Exercise description: Without including the pictures, copy out every line below.

Supplied material:
>>>>>
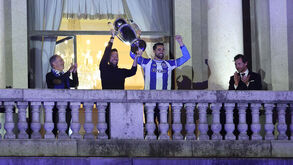 Farioli e Diogo Costa levantam o troféu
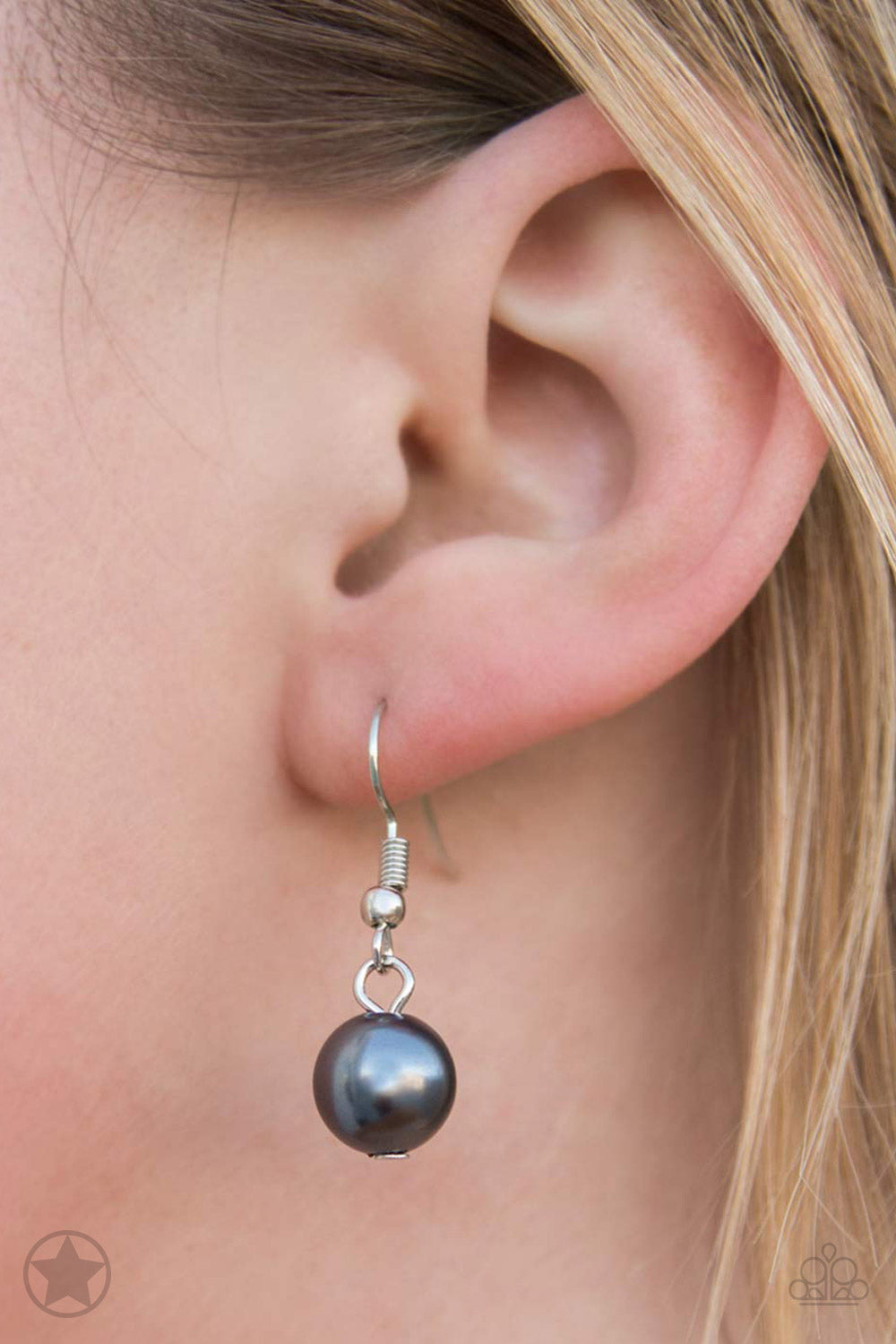 Lady In Waiting Pearl Paparazzi Necklace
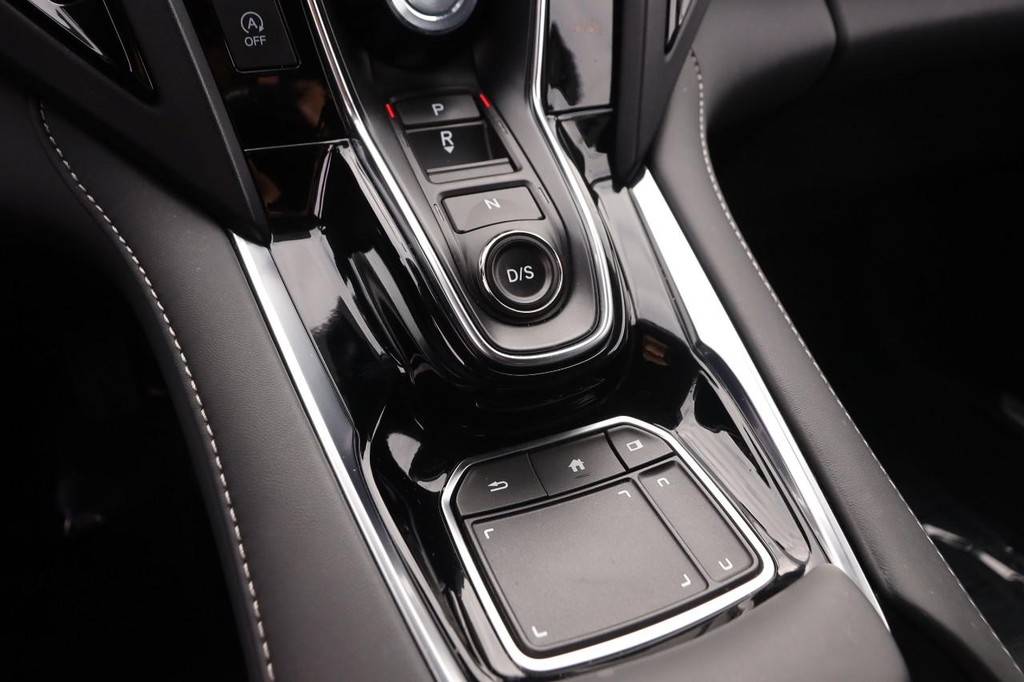 Acura RDX Vehicle Image 20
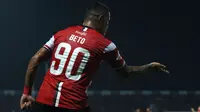 Striker Madura United, Alberto 'Beto' Goncalves, memilih mengenakan jersey bernomor punggung 90 di Shopee Liga 1 2019. (Bola.com/Aditya Wany)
<<<<<
Solution for this task:
 Farioli e Diogo Costa levantam o troféu
 Lady In Waiting Pearl Paparazzi Necklace
 Acura RDX Vehicle Image 20
 Striker Madura United, Alberto 'Beto' Goncalves, memilih mengenakan jersey bernomor punggung 90 di Shopee Liga 1 2019. (Bola.com/Aditya Wany)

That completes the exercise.